== Supplied information ==

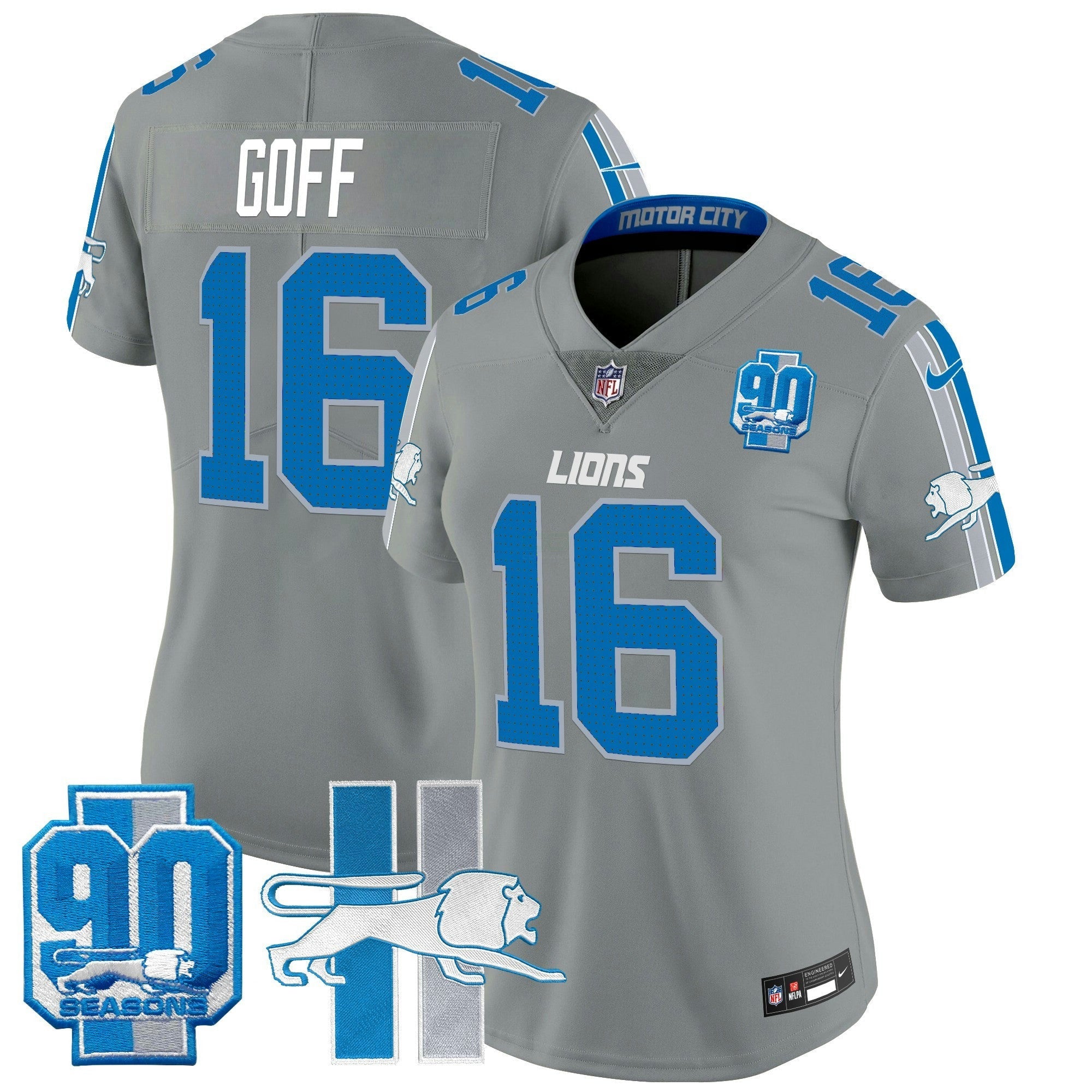 Camisa NFL Women’s Detroit Throwback 90th Year Patch Vapor Limited Jersey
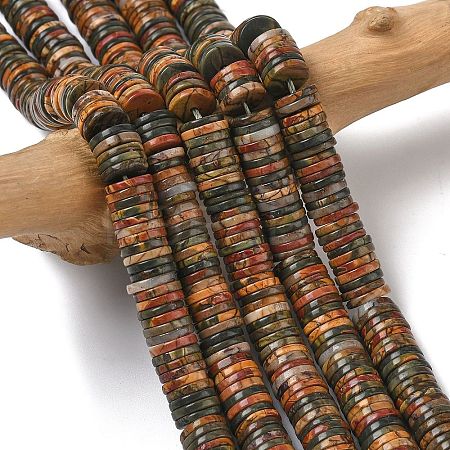 Natural Polychrome Jasper/Picasso Stone/Picasso Jasper Beads Strands G-G329-B03-8x1mm-1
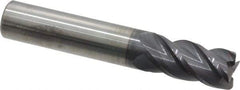 Accupro - 1/2", 4 Flute, Single End, Solid Carbide, 0.015" Corner Radius End Mill - 3" OAL, 40° Helix, Right Hand Flute, 1" LOC, Right Hand Cut - Eagle Tool & Supply
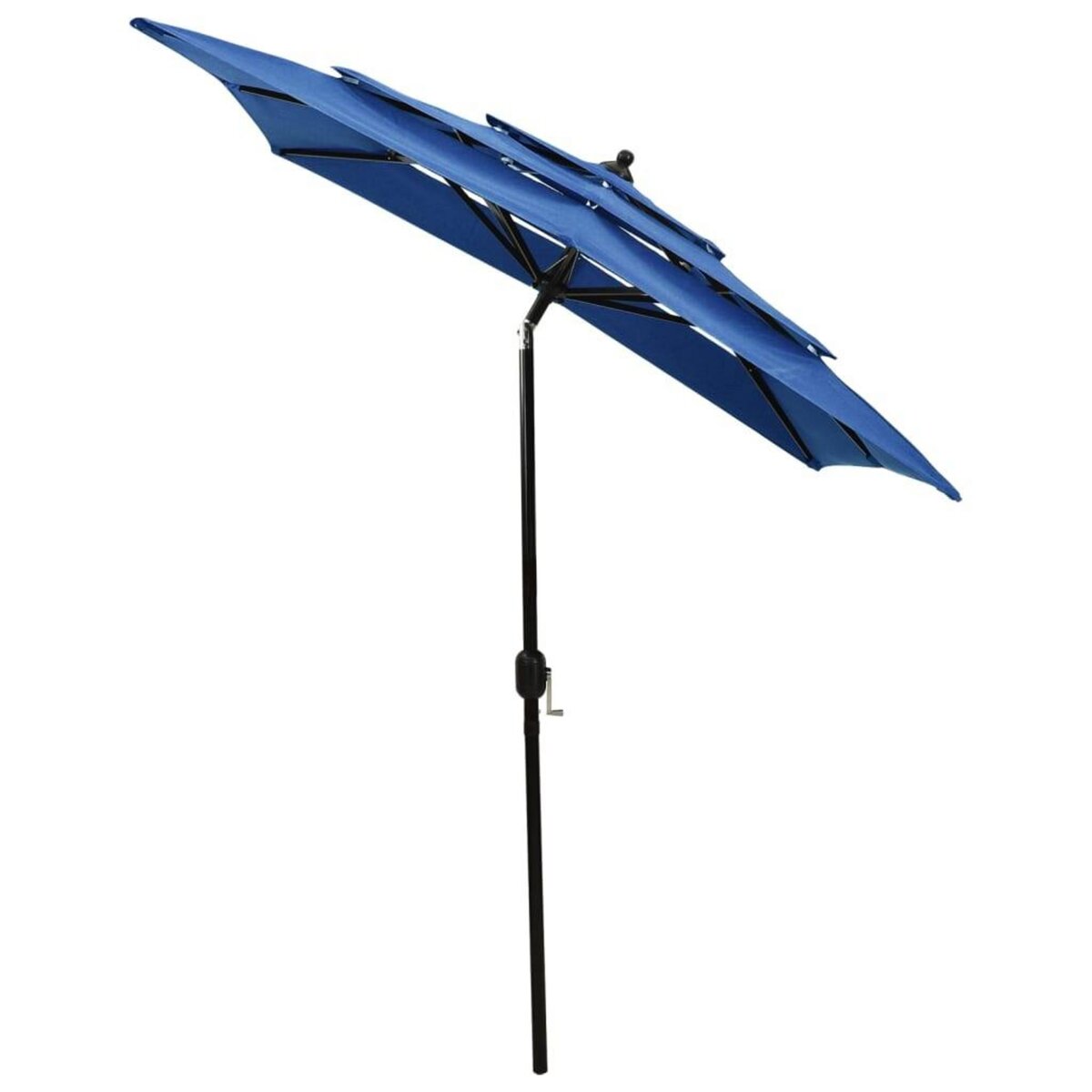 VIDAXL Parasol de jardin a 3 niveaux avec mat en aluminium bleu azure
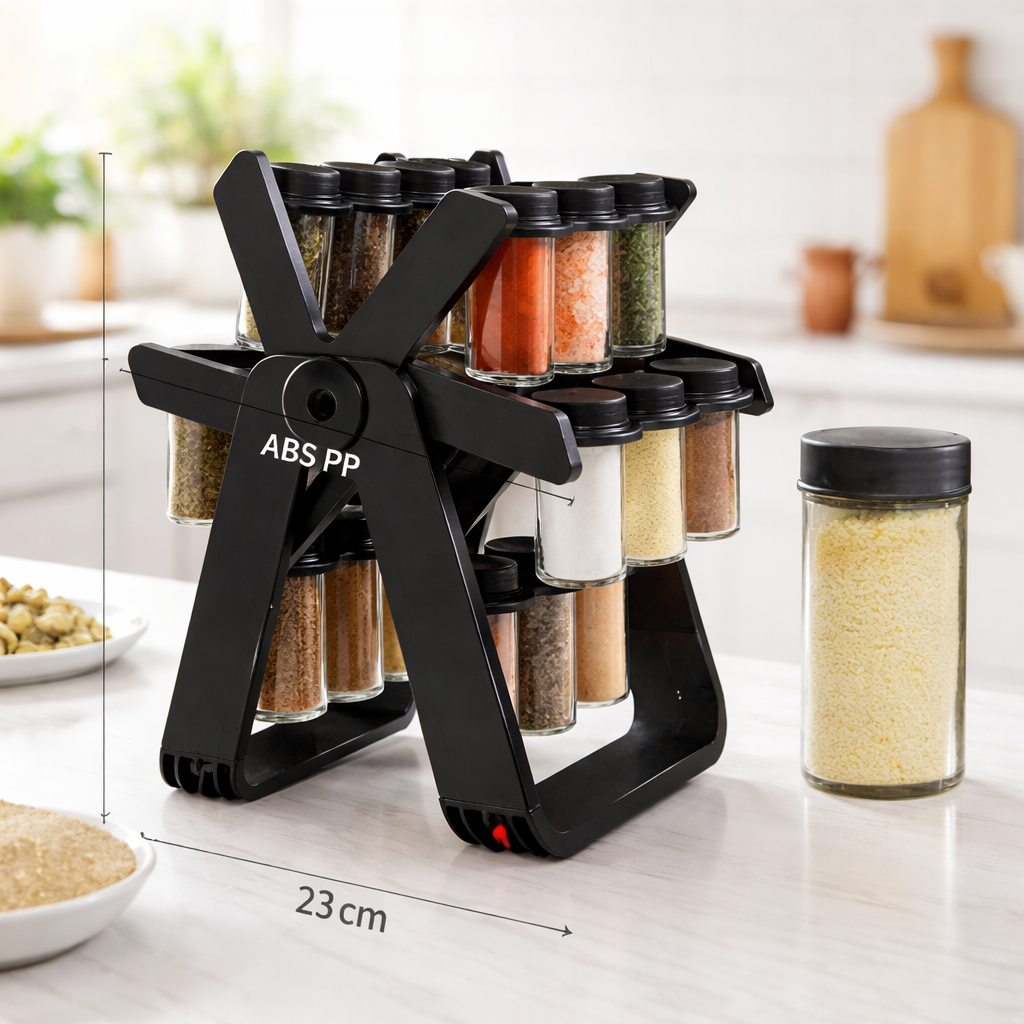 CONDIMENTERO DE ESPECIAS GIRATORIO 360° CON 18 FRASCOS – RACK COCINA PREMIUM NEGRO - 1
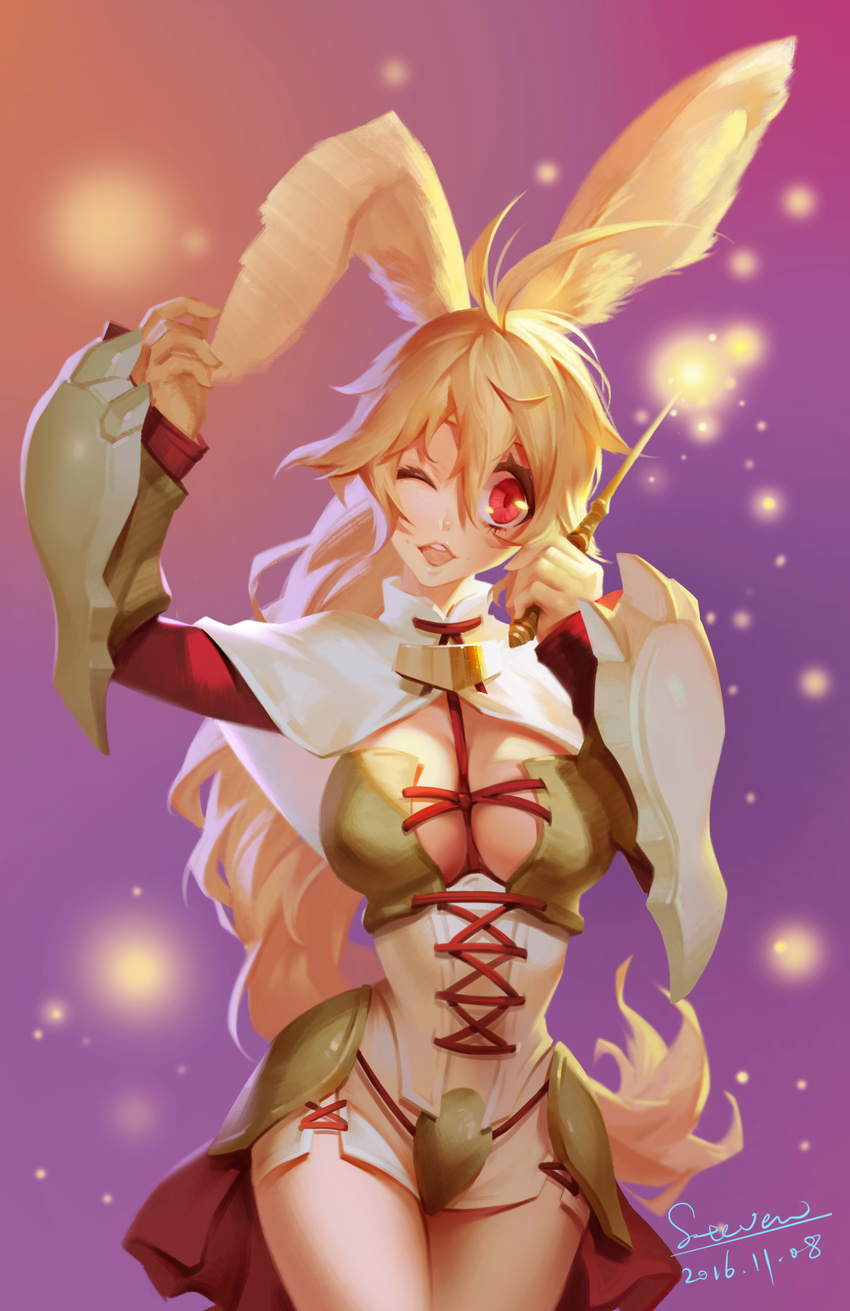 2016 ;d absurdres animal_ears antenna_hair bangs between_breasts blonde_hair braid breasts bunny_ears capelet cleavage corset cowboy_shot cross-laced_clothes dated detached_sleeves dress gauntlets green_dress hair_between_eyes hands_up high_collar highres holding holding_wand large_breasts legs_together long_hair long_sleeves looking_to_the_side nachetanya_loei_piena_augustra one_eye_closed open_clothes open_mouth open_shirt red_eyes rokka_no_yuusha shibari shibari_under_clothes shirt short_dress signature single_braid smile solo steven_kn strapless strapless_dress teeth very_long_hair wand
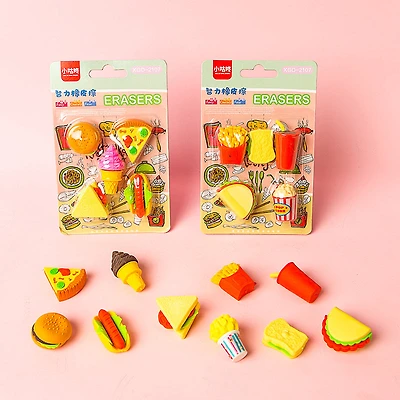 Fast Food Series Mini Erasers Card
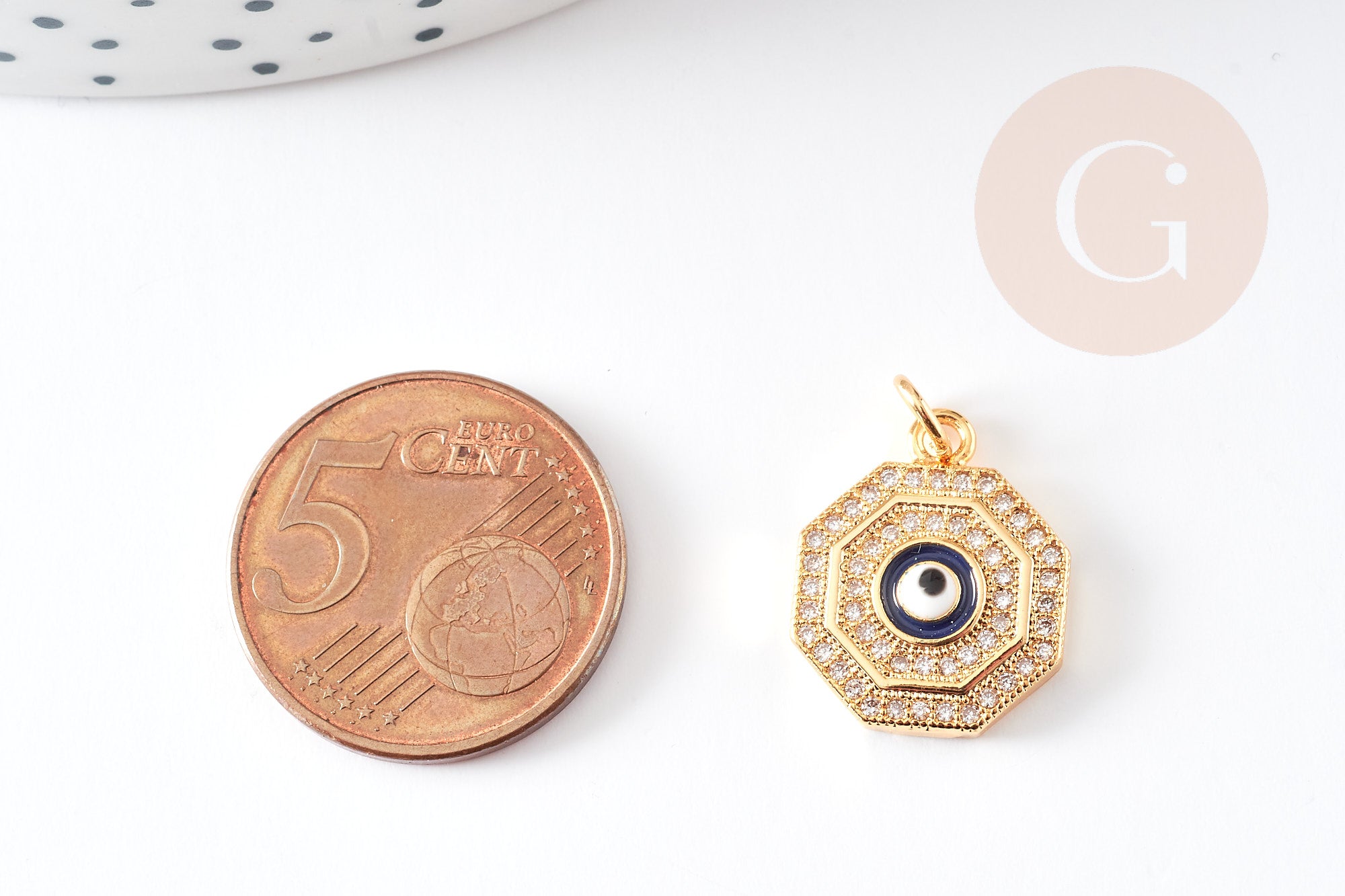 Pendentif œil cristal zircon octogone laiton doré 17mm, x1 (G3162)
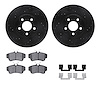 8512-39083 Drilled/Slotted Brake Rotors w/5000 Advanced Brake Pads Kit & Hardware [Black], 2001-2010 Mopar, Position: Front - image 1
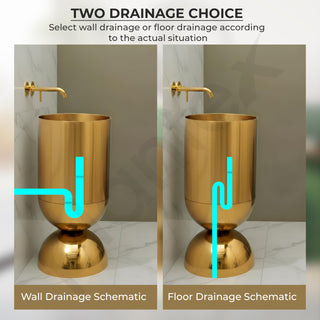 Plantex Stainless Steel Pedestal Basin for Bathroom/One Piece Free Standing Round Wash Basin for Living Room/Hotel (Gold)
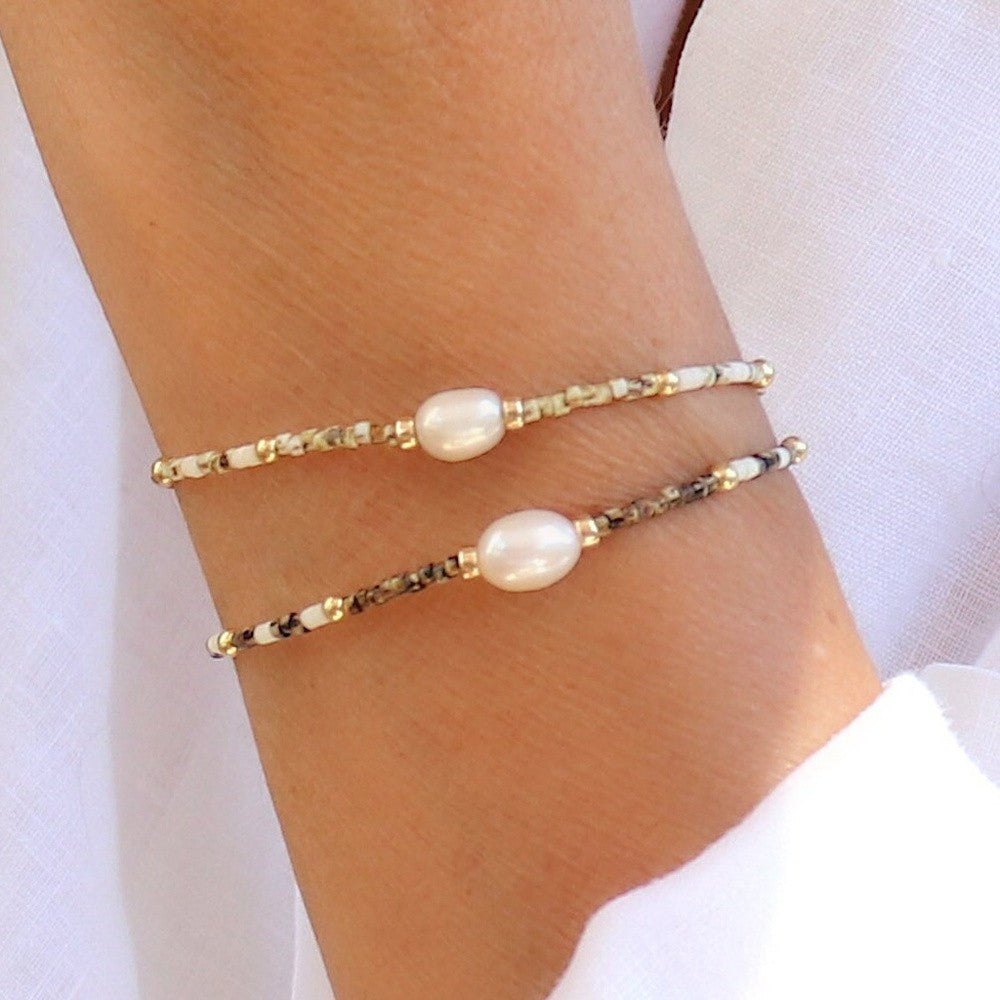 2pc Boho Faux Pearl Bracelet Set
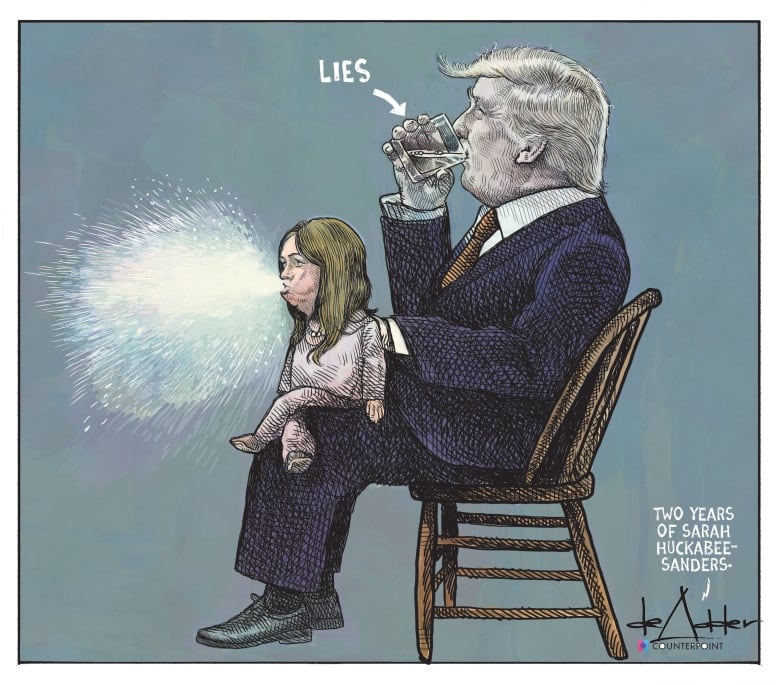 Newspaper cartoon of Donald Trump sitting on a chair with a young girl on his lap. He is drinking a glass of water labelled 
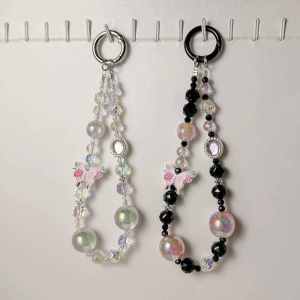 Luxury Crystal Beaded Mobile Phone Chain Alloy Car Keychain Handbag Decorations Elegant Starry Sky Design Creative Gift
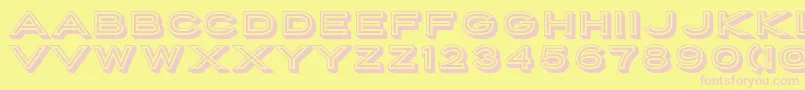 フォントPorterSansInlineBlock – ピンクのフォント、黄色の背景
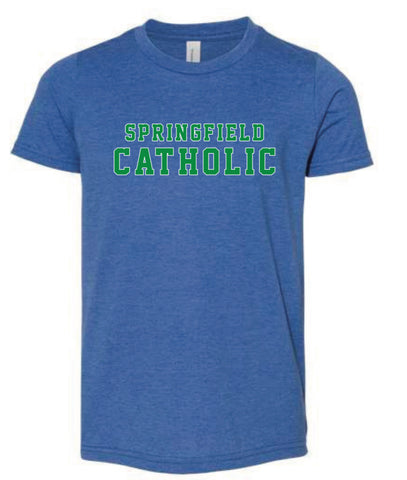 Youth Collegiate Logo Jersey T-Shirt in True Royal or Kelly Green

===

*What is expected*
Pictures are to be left out; the records above must be repeated word for word.

*Solution to this problem*
 Camisa NFL Women’s Detroit Throwback 90th Year Patch Vapor Limited Jersey
 Natural Polychrome Jasper/Picasso Stone/Picasso Jasper Beads Strands G-G329-B03-8x1mm-1
 Accupro - 1/2", 4 Flute, Single End, Solid Carbide, 0.015" Corner Radius End Mill - 3" OAL, 40° Helix, Right Hand Flute, 1" LOC, Right Hand Cut - Eagle Tool & Supply
 VIDAXL Parasol de jardin a 3 niveaux avec mat en aluminium bleu azure
 CONDIMENTERO DE ESPECIAS GIRATORIO 360° CON 18 FRASCOS – RACK COCINA PREMIUM NEGRO - 1
 2016 ;d absurdres animal_ears antenna_hair bangs between_breasts blonde_hair braid breasts bunny_ears capelet cleavage corset cowboy_shot cross-laced_clothes dated detached_sleeves dress gauntlets green_dress hair_between_eyes hands_up high_collar highres holding holding_wand large_breasts legs_together long_hair long_sleeves looking_to_the_side nachetanya_loei_piena_augustra one_eye_closed open_clothes open_mouth open_shirt red_eyes rokka_no_yuusha shibari shibari_under_clothes shirt short_dress signature single_braid smile solo steven_kn strapless strapless_dress teeth very_long_hair wand
 Fast Food Series Mini Erasers Card
 Pendentif œil cristal zircon octogone laiton doré 17mm, x1 (G3162)
 8512-39083 Drilled/Slotted Brake Rotors w/5000 Advanced Brake Pads Kit & Hardware [Black], 2001-2010 Mopar, Position: Front - image 1
 Plantex Stainless Steel Pedestal Basin for Bathroom/One Piece Free Standing Round Wash Basin for Living Room/Hotel (Gold)
 2pc Boho Faux Pearl Bracelet Set
 Newspaper cartoon of Donald Trump sitting on a chair with a young girl on his lap. He is drinking a glass of water labelled 
 Luxury Crystal Beaded Mobile Phone Chain Alloy Car Keychain Handbag Decorations Elegant Starry Sky Design Creative Gift
 フォントPorterSansInlineBlock – ピンクのフォント、黄色の背景
 Youth Collegiate Logo Jersey T-Shirt in True Royal or Kelly Green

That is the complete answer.